だが、ある意味この場に神を妄信するような人間はいない。何しろ、各人がそれぞれに社会から弾かれた存在だ。ベスやローランドなども神へ祈り、裏切られたこと数知れず。端から拠り所にしていない。
それは宵闇も承知のうえだった。
食事を終えれば、やがて食堂を出て行くのは当然だ。
宵闇たちが話している間に、ハクとシリンに手を引かれた幼い兄妹が部屋を出た。麗奈やイサナ、真緋に青藍も銘々にその場を立ち去っていく。
それはもちろん、宵闇も同じだった。
「さて、それじゃあ、俺は戻るよ。美味しかったぜ、ベス。ローランドさんもお世話様です」
「はーい。毎回ありがとねぇ」
席を立ちながらの言葉に、ベスは肩口から振り返って応え、ローランドも柔和な表情で会釈する。
次いで、イスを引いて立ち上がったのはアルフレッド。
「夕食もこちらで食べます」
「承知しました」
ローランドへ端的に告げたのち、彼は言った。
「……それと」
だが、珍しく言葉を迷い、彼は視線をうろつかせる。
宵闇が食堂を出て行けるくらいには長い間が空き、扉の開閉音が響く中――。何事かとローランドとベスの視線を集めながら、一息ついた彼は言った。
「僕も、美味しいと思っています」
「!!!」
ちなみにこの瞬間、あまりのことに呆気にとられたベスは、盛大にガチャリと食器を取り落としていたりする。幸いなのは、卓から持ち上げた直後だったということか。
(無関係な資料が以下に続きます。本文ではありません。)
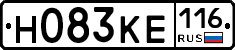 Н083КЕ116 - 
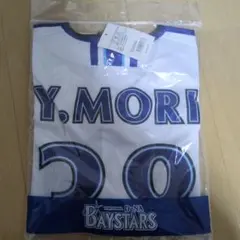 2026年最新】森唯斗 ユニフォームの人気アイテム - メルカリ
さほど落下距離もなく、皿も割れなかったようだが、もちろんベスにとってはかなりの失態だ。
それを視覚でも聴覚でも捉えているだろうに、アルフレッドは無表情に、視線を卓上のどこかへ向けながら言った。
「人手が足りない、もしくは、欲しい設備などはありますか」
未だ呆然自失に近かったが、ベスはほとんど反射で受け応える。
「い、いえ、手が空いていればシリンやレイナも手伝ってくれますし、足りないものも特にありません」
アルフレッドは頷いて言った。
「そうですか。もし何かあれば言ってください。……それでは、僕も戻ります」
「ええ。良い午後をお過ごしください」
恭しく応えたのはローランド。
彼は当事者ではなかっただけに、既に何事もなかったように立て直していた。主を送り出し、その姿が食堂から出て数秒。
いまだに微動だにしない、自分よりも身体の大きな同僚のもとに歩み寄り、言った。
「良かったですね、ベス」
とりあえず。
なにがしかの反応が返るまで、かなりの時間がかかったとだけは、ここに記しておく。
「クロ」
「おお。なんだ?」
レイナに扉を開閉してもらい、食堂を出たアルフレッドは、既に扉脇にいた男と歩き出しつつ言った。
「先ほど――食事の前に、レイナへ何を言ったんですか。知識がどうのというのは聞こえていたんですが」
「……ああ、あれか」
珍しいことをさらりとやってのけたアルフレッドは、特に変わった様子もない。
当然、宵闇は何も気づかず、問われたことを思い出すのに数秒かかりながら、視線を前方に戻して言った。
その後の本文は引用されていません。